**TO DO:** Transcribe each record exactly. Omit the pictures.

### GIVEN RECORDS ###

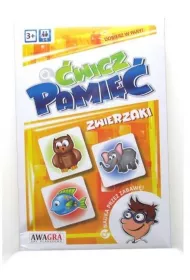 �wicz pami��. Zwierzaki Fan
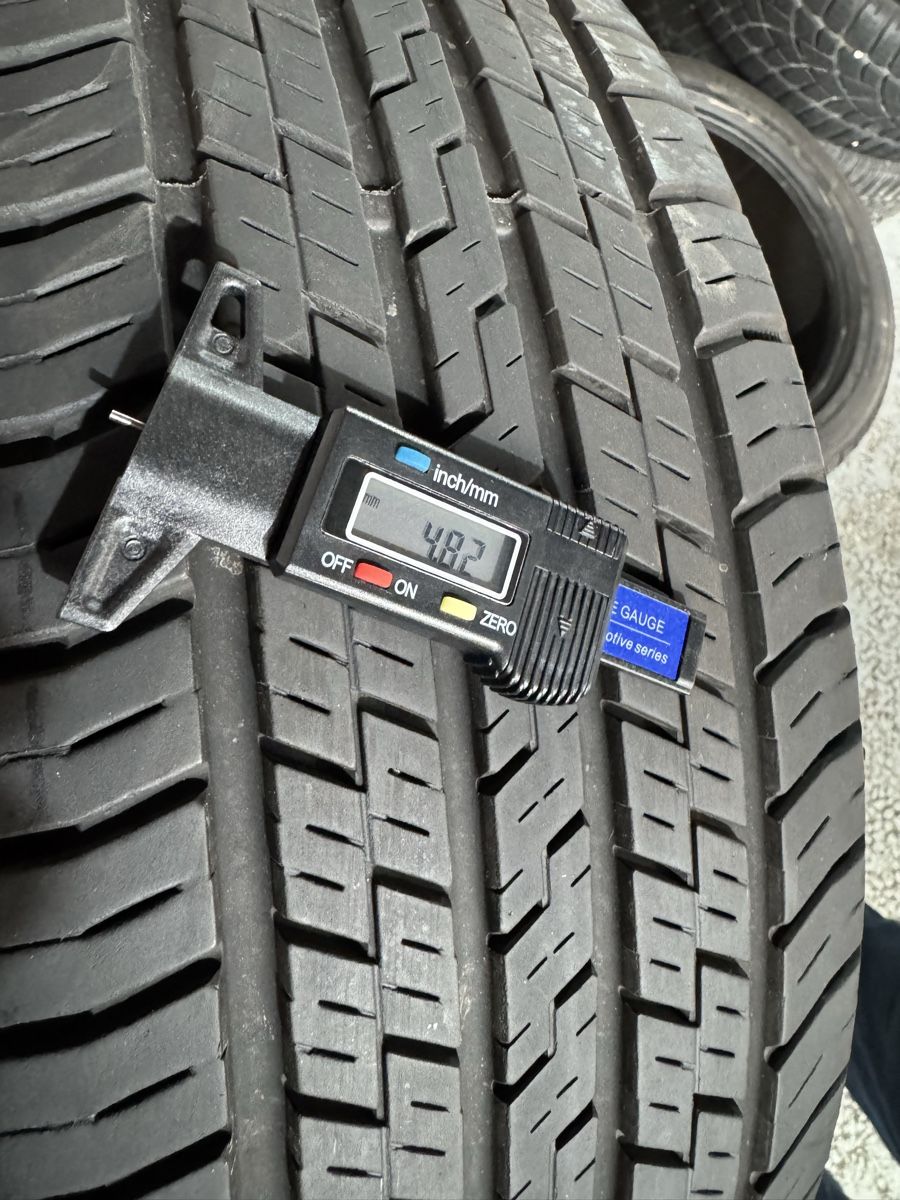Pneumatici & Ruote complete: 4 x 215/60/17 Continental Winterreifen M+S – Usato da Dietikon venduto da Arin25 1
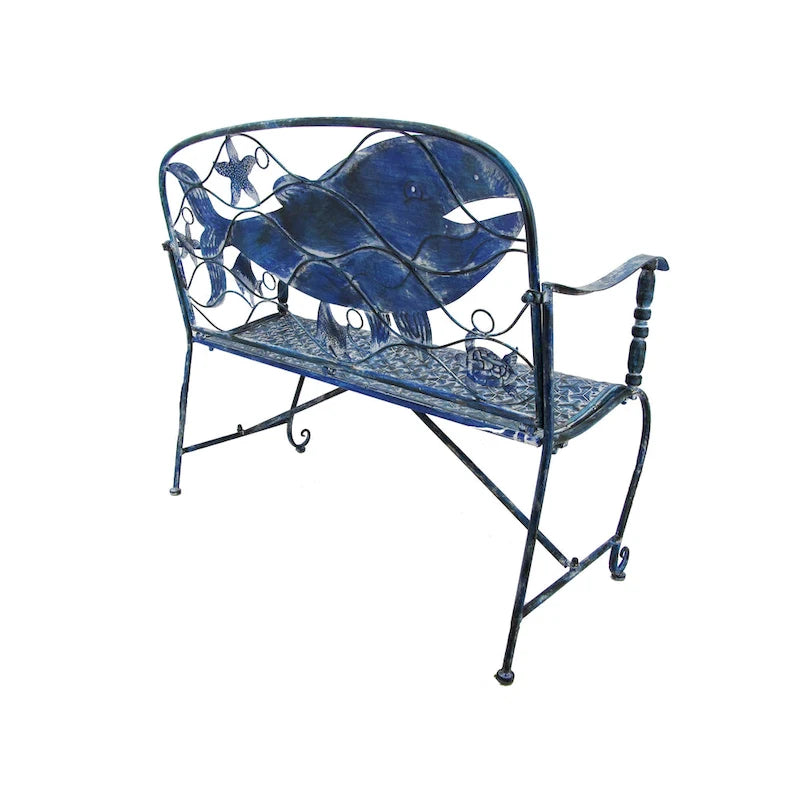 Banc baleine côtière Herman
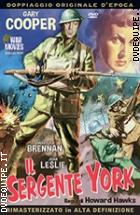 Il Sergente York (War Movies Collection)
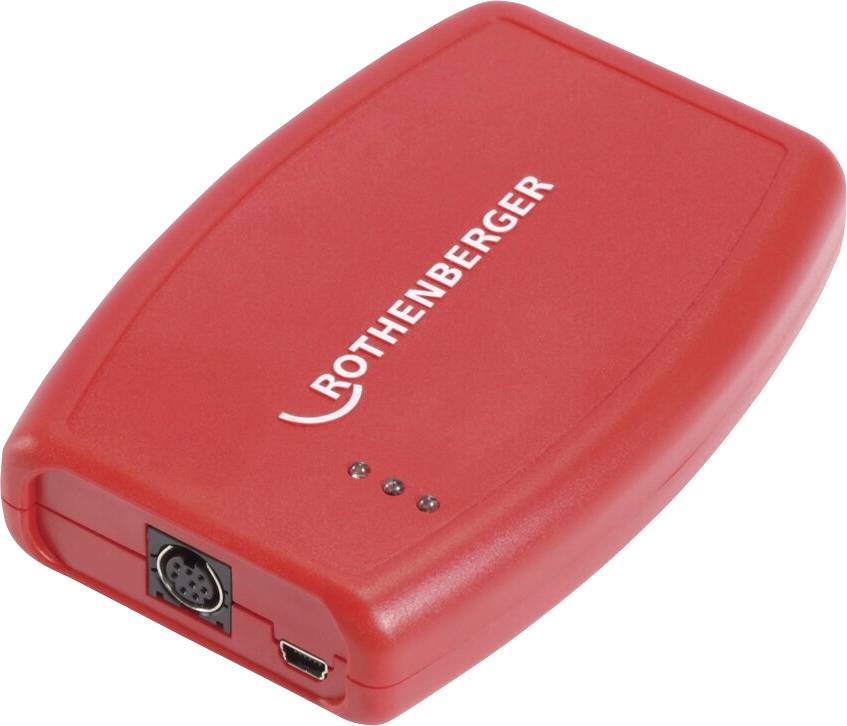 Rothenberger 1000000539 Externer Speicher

###

**WRITTEN REPLY:**
 �wicz pami��. Zwierzaki Fan
Pneumatici & Ruote complete: 4 x 215/60/17 Continental Winterreifen M+S – Usato da Dietikon venduto da Arin25 1
 Banc baleine côtière Herman
 Il Sergente York (War Movies Collection)
 Rothenberger 1000000539 Externer Speicher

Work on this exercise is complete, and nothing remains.